This week, the Government moved to reassert Parliament’s authority over the courts. Two years ago, in Smith v Fonterra, the Supreme Court revived a climate change claim the Court of Appeal had unanimously struck out. The claim included a proposed new tort of “damage to the climate system” recognised by no court anywhere in the common law world. I wrote at the time that the court had appropriated a role that belonged to Parliament. On Tuesday, the Government said that Parliament will take that role back.
Justice Minister Paul Goldsmith announced that the Government will amend the Climate Change Response Act 2002 to prevent findings of tortious liability for greenhouse gas emissions. The Smith litigation, set down for trial in the High Court next April, will be stopped where it stands.
Commentary on the announcement has been critical. Lawyers for Climate Action calls the move “knee-jerk and premature,” and says it “does not reflect the type of relationship between Parliament and courts that we would normally expect to see.”
This has it backwards. Mr Smith’s proceedings did not ask the courts to apply the existing law of torts, but to invent a new claim. The Court of Appeal saw this clearly. It struck out all three of Mr Smith’s claims, observing that the magnitude of climate change “simply cannot be appropriately or adequately addressed by common law court claims pursued through the courts. It is quintessentially a matter that calls for a sophisticated regulatory response at a national level supported by international co-ordination.”
That observation was hard to fault, and Parliament has already provided exactly such a response.
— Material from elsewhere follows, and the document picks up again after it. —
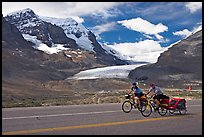 Cyclists on the Icefields Parkway in front of the Athabasca Glacier. Jasper National Park, Canadian Rockies, Alberta, Canada (color)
The Emissions Trading Scheme is a comprehensive statutory framework covering the supply of New Zealand Units, surrender obligations, and free allocation for activities exposed to international competition. Whether the scheme goes too far or not far enough is a question for political contest, not for the Courts.
The Supreme Court nevertheless unanimously reinstated Mr Smith’s claims. The court acknowledged that the same claim brought against an individual driver or householder would fail. New Zealand produces 0.17 per cent of global emissions. The contribution of any single business is vanishingly small. The court refused to apply that logic to the six defendants.
Causation is the spine of the law of tort. A defendant cannot be liable in nuisance or negligence unless the plaintiff’s harm is meaningfully traceable to the defendant’s conduct. That requirement is not a technicality. It is what distinguishes the law of tort from a tax. When every human activity contributes to a global phenomenon in microscopic proportion, it is hard to see how the doctrinal architecture of tort law can apply.
Lawyers for Climate Action suggests the government’s proposed action undermines the “normal” relationship between Parliament and the courts. But the normal relationship is that Parliament makes the law and the courts apply it. Parliament will restoring the orthodoxy, not depart from it.
The objection that Parliament should not legislate against a live case has more substance. Comity between the branches should be respected. But Parliament will not be interfering with the application of existing law. It will declining to allow the courts to invent new law in territory Parliament has already occupied. Consequently, comity cuts the other way.
In my 2024 report for The New Zealand Initiative, Who Makes the Law? Reining in the Supreme Court, I set out a toolkit of options for Parliament to rein in judicial overreach. The first and most direct was targeted legislation reversing decisions Parliament considers wrong. The proposed climate change amendment is exactly that.
Those complaining about the Government’s proposal invert the traditional relationship between Parliament and the courts. Section 3 of the Senior Courts Act 2016 records, in Parliament’s own words, that “[n]othing in this Act affects New Zealand’s continuing commitment to the rule of law and the sovereignty of Parliament.” Parliament is the highest court in the land; the Supreme Court is its creature. When the sovereign branch declines to ratify a course the courts wish to take, it is not acting against the constitution. It is acting as the constitution permits.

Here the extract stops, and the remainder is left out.